The WSJ carries an interesting piece titled "Keynesians Spin in Circles on Inflation," which of course grabbed my eye. I recommend it.
The historic battle between John Maynard Keynes and Friedrich August Hayek in the late 1800s and early 1900s is one of history's most fascinating and unbelievable conflicts.
Hayek was a Nobel Prize winner in Economic Science who spent most of his academic life at the London School of Economics. Keynes had no education in economics, only took a single course under Alfred Marshal, and then rejected the entire course. Instead, he embraced the economic principles of government control set forth by Karl Marx and openly embraced the principles of what we now know as Fascism. In 1911, despite lacking any qualifying degree, he was given a position as editor of the Cambridge "Economic Journal" solely due to nepotism, his father being on the faculty of Cambridge.

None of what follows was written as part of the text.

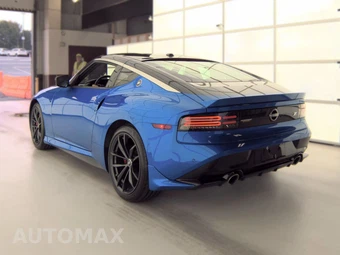 2024 Nissan Z Performance – miniatura 6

As editor of the prestigious "Journal," he controlled the published materials to allow only papers conforming to his views. Early on, his ideas were considered "Crackpot" by his peers, but crackpot or no, if you wanted to be published in the Journal, you did it his way. The result is that his unscientific ideas of economics became imbued with a patina of authority. As a result, today's mindset accepts Keynes as valid and sound despite mountains of contrary evidence.
Hayek, on the other hand, possessed a solid economics background. He founded the Austrian Institute of Business Cycle Research and was on the London School of Economics faculty. He well understood the role and value of the unfettered free market.
Hayek and Keynes fought a truly epic battle of ideas. Their battle was even the subject of a comedic "Rap Battle" video produced by Economics Professor Russ Roberts, titled "Fear the Boom and Bust," wherein "Keynes" and "Hayek" square off for a "Battle of the Century."
Although Hayek's ideas are based on sound economic science and promote freedom and prosperity, academia warmly embraces Keynesian economic theories. Authoritarians of every stripe and the ignorant followers of academic orthodoxy embrace Keynes, giving pseudo-intellectual cover to ideas that common sense should otherwise profoundly reject.